> **GIVEN RECORDS**:
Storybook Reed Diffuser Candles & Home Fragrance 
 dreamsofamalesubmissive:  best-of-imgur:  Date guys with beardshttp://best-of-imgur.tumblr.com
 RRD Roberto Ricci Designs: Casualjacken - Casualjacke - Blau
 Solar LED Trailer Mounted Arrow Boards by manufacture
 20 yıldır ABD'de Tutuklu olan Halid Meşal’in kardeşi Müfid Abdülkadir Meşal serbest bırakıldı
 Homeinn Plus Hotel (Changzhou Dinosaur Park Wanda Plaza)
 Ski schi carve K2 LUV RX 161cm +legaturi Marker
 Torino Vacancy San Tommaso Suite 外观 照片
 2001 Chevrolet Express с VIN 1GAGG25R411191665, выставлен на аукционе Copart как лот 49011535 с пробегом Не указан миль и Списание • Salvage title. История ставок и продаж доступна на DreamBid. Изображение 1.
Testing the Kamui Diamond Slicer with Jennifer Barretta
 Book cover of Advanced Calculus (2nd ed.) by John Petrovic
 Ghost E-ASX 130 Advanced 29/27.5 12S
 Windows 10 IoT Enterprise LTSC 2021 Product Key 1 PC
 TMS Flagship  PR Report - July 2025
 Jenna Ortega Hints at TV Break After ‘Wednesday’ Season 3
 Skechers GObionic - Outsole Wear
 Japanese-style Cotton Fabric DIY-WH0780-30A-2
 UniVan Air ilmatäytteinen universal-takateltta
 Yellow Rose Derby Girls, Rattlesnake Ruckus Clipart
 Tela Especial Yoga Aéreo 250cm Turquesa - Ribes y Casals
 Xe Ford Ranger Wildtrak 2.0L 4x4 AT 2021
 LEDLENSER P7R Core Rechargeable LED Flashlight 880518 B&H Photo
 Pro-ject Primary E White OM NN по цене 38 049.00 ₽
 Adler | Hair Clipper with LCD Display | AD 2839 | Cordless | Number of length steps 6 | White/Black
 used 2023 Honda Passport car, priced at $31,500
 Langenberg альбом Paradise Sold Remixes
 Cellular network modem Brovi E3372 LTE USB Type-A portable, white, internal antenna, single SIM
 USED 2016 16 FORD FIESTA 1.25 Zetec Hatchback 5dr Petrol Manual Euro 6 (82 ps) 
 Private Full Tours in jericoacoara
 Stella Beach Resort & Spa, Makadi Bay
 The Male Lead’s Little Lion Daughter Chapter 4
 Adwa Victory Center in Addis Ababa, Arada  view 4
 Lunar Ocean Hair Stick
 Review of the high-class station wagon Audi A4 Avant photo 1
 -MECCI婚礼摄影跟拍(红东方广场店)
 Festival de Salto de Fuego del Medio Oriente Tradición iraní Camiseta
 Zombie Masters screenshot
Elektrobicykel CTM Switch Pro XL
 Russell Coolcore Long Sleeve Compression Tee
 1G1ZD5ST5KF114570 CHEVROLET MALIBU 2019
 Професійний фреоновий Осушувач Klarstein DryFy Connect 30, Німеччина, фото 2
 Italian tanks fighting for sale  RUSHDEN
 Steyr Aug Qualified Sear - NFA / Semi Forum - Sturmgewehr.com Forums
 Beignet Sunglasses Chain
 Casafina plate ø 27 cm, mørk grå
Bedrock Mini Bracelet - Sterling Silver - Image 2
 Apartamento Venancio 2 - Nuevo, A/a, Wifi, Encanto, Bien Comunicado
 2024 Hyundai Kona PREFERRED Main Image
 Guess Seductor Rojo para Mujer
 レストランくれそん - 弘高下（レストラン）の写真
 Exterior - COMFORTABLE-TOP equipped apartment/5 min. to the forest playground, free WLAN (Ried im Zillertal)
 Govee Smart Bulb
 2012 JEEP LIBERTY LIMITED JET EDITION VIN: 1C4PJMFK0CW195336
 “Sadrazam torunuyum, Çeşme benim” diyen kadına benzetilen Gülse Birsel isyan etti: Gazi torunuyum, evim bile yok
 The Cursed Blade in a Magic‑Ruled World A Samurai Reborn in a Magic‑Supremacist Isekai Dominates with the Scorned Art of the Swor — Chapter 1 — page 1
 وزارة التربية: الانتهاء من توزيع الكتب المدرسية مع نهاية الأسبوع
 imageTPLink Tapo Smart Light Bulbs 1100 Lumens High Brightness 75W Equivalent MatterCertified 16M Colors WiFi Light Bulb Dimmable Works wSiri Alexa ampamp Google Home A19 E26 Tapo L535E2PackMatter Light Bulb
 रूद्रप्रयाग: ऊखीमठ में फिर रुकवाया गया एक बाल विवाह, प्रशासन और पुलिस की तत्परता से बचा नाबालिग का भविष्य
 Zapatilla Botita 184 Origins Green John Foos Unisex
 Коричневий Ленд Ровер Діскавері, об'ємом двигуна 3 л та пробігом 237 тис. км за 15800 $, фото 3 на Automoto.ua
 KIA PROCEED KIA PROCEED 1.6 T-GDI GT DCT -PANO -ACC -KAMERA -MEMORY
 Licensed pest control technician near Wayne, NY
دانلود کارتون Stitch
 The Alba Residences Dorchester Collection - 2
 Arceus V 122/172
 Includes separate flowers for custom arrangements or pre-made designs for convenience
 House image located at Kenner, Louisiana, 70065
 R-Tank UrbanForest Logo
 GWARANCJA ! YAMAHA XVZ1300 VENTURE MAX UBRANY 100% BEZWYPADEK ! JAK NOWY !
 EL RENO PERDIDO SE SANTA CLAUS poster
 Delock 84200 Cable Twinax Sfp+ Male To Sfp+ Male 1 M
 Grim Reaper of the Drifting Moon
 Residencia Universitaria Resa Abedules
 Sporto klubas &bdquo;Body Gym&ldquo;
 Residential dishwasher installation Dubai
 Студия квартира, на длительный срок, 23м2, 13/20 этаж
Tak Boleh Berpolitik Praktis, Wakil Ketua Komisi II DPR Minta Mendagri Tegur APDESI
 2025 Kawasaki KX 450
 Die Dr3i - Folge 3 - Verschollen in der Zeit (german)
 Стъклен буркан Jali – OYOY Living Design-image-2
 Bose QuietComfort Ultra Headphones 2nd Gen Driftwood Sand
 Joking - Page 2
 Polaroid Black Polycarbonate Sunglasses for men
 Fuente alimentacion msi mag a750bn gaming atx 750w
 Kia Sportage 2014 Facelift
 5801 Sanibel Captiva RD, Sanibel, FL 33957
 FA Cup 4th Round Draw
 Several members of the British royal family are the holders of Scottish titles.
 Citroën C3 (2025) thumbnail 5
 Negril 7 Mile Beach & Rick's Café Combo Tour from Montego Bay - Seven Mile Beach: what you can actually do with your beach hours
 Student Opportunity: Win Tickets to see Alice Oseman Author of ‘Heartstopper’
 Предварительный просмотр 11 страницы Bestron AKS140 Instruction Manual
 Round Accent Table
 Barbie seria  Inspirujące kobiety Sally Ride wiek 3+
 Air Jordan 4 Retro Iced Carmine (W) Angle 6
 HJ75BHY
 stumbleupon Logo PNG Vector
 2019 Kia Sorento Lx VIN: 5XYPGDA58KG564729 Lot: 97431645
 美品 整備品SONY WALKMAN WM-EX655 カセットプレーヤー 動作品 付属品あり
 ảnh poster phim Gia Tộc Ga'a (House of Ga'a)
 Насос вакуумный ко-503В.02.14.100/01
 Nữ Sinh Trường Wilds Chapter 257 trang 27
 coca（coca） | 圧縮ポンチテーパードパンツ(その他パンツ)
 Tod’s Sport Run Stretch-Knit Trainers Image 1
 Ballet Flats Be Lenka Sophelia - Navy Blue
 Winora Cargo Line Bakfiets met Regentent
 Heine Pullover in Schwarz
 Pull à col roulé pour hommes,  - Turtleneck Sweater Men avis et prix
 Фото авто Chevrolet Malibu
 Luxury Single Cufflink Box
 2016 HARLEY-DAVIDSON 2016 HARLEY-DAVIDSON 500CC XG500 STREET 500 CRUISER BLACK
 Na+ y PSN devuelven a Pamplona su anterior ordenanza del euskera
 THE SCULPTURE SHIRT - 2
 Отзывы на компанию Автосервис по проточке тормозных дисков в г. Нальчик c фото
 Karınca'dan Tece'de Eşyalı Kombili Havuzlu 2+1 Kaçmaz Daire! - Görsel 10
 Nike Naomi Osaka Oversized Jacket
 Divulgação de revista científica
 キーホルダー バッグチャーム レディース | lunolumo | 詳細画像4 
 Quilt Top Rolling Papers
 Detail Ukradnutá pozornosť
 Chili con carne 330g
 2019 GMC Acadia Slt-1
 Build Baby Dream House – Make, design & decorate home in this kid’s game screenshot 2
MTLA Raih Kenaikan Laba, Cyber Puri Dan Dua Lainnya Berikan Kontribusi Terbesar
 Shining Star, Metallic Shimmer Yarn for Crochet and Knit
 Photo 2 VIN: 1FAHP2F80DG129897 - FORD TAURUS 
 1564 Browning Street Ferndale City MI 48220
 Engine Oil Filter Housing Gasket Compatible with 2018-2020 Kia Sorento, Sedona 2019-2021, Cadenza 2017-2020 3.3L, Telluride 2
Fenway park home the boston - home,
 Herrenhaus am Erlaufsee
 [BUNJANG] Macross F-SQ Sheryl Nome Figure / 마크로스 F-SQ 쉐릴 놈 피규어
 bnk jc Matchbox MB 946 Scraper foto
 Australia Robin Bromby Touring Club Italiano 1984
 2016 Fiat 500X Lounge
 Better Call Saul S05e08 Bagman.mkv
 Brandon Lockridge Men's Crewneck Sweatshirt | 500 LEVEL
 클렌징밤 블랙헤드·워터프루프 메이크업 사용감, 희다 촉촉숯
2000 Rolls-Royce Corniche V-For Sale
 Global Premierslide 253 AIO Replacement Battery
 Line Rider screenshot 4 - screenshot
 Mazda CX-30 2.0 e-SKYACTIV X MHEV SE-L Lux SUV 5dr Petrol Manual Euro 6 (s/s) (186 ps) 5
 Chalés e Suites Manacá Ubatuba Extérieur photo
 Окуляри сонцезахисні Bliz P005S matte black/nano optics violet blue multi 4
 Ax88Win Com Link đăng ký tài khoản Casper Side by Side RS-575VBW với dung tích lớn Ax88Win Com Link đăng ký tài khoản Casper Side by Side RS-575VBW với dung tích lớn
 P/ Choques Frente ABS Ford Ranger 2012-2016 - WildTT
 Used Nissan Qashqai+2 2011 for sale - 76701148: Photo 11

> **WHAT YOU SHOULD DO**: Each line from the start of the listing above through the line containing "2001 Chevrolet Express" should be copied exactly, please, with no other lines added.

> **RESPONSE FOR THIS EXERCISE**:
Storybook Reed Diffuser Candles & Home Fragrance 
 dreamsofamalesubmissive:  best-of-imgur:  Date guys with beardshttp://best-of-imgur.tumblr.com
 RRD Roberto Ricci Designs: Casualjacken - Casualjacke - Blau
 Solar LED Trailer Mounted Arrow Boards by manufacture
 20 yıldır ABD'de Tutuklu olan Halid Meşal’in kardeşi Müfid Abdülkadir Meşal serbest bırakıldı
 Homeinn Plus Hotel (Changzhou Dinosaur Park Wanda Plaza)
 Ski schi carve K2 LUV RX 161cm +legaturi Marker
 Torino Vacancy San Tommaso Suite 外观 照片
 2001 Chevrolet Express с VIN 1GAGG25R411191665, выставлен на аукционе Copart как лот 49011535 с пробегом Не указан миль и Списание • Salvage title. История ставок и продаж доступна на DreamBid. Изображение 1.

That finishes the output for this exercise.